● What you will do:
Before copying, set the pictures aside; then repeat every line below verbatim.
*** Opening of Provided material ***
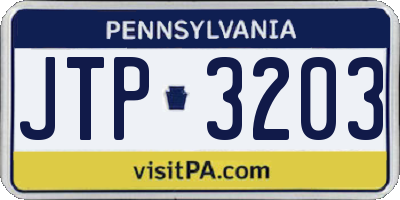 PA license plate JTP3203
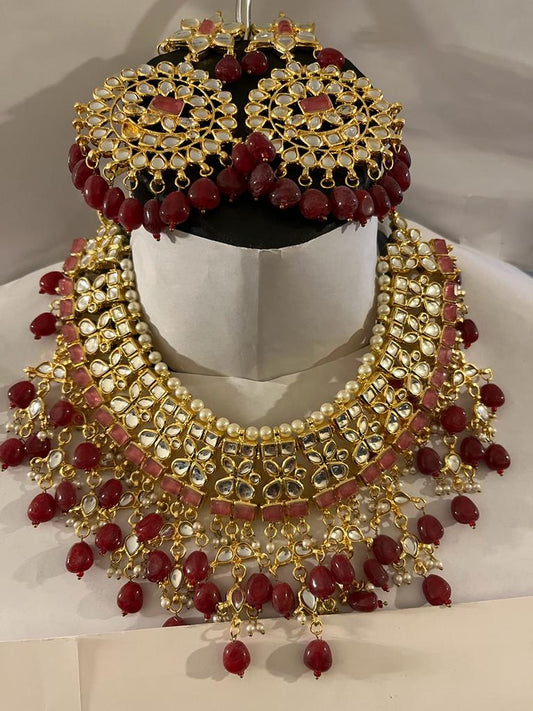 Ruby Kundan Polki Gold plated Heavy Set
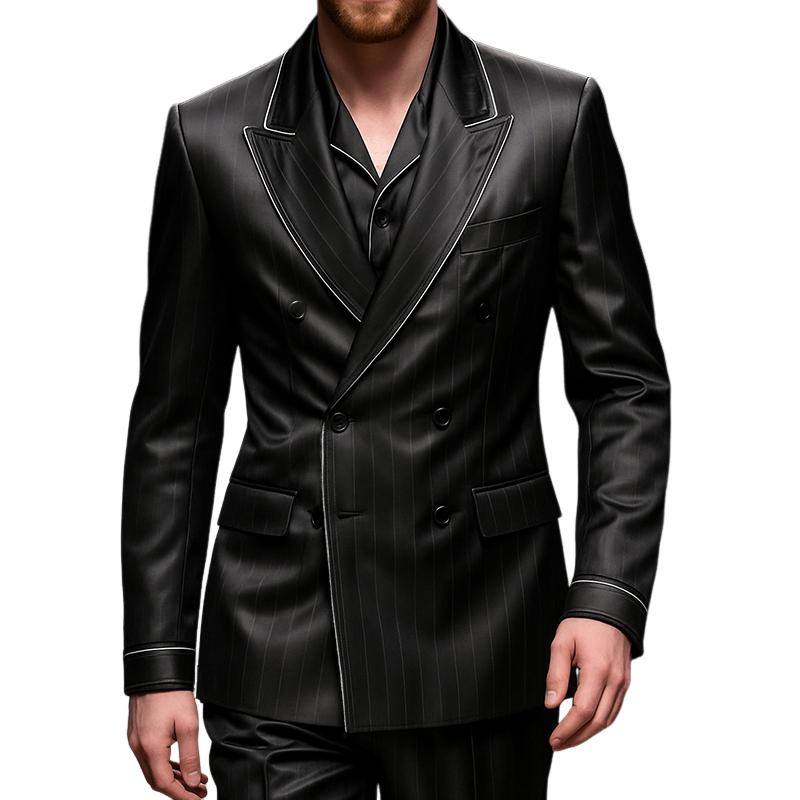 Men's Retro Casual Satin Stripe Print Luxury Blazer MTA2291G4TO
*** Close of Provided material ***
● Solution below:
 PA license plate JTP3203
 Ruby Kundan Polki Gold plated Heavy Set
 Men's Retro Casual Satin Stripe Print Luxury Blazer MTA2291G4TO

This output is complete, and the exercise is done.